- Opening Delimiter -
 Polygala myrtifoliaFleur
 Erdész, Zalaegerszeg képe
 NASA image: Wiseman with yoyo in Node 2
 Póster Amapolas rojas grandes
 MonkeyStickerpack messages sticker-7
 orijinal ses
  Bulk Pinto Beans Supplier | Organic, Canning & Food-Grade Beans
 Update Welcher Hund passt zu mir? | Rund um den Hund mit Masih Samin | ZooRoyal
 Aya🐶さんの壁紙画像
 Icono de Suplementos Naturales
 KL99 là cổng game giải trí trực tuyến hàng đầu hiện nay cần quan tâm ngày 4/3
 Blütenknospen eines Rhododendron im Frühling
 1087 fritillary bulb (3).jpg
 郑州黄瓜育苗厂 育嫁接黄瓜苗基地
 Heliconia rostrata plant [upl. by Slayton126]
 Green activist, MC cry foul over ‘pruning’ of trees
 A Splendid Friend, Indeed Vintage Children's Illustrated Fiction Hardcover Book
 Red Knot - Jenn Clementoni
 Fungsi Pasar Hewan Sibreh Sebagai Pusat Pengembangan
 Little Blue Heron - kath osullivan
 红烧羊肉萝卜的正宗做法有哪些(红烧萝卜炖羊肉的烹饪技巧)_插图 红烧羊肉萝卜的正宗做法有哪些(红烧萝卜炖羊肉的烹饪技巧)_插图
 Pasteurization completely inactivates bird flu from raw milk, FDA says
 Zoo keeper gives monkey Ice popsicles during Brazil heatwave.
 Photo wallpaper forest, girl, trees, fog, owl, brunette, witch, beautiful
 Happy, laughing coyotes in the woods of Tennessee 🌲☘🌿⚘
- Closing Delimiter -
# Requirement
The full set of entries must be printed again without any alteration.

# Answer for this exercise
 Polygala myrtifoliaFleur
 Erdész, Zalaegerszeg képe
 NASA image: Wiseman with yoyo in Node 2
 Póster Amapolas rojas grandes
 MonkeyStickerpack messages sticker-7
 orijinal ses
  Bulk Pinto Beans Supplier | Organic, Canning & Food-Grade Beans
 Update Welcher Hund passt zu mir? | Rund um den Hund mit Masih Samin | ZooRoyal
 Aya🐶さんの壁紙画像
 Icono de Suplementos Naturales
 KL99 là cổng game giải trí trực tuyến hàng đầu hiện nay cần quan tâm ngày 4/3
 Blütenknospen eines Rhododendron im Frühling
 1087 fritillary bulb (3).jpg
 郑州黄瓜育苗厂 育嫁接黄瓜苗基地
 Heliconia rostrata plant [upl. by Slayton126]
 Green activist, MC cry foul over ‘pruning’ of trees
 A Splendid Friend, Indeed Vintage Children's Illustrated Fiction Hardcover Book
 Red Knot - Jenn Clementoni
 Fungsi Pasar Hewan Sibreh Sebagai Pusat Pengembangan
 Little Blue Heron - kath osullivan
 红烧羊肉萝卜的正宗做法有哪些(红烧萝卜炖羊肉的烹饪技巧)_插图 红烧羊肉萝卜的正宗做法有哪些(红烧萝卜炖羊肉的烹饪技巧)_插图
 Pasteurization completely inactivates bird flu from raw milk, FDA says
 Zoo keeper gives monkey Ice popsicles during Brazil heatwave.
 Photo wallpaper forest, girl, trees, fog, owl, brunette, witch, beautiful
 Happy, laughing coyotes in the woods of Tennessee 🌲☘🌿⚘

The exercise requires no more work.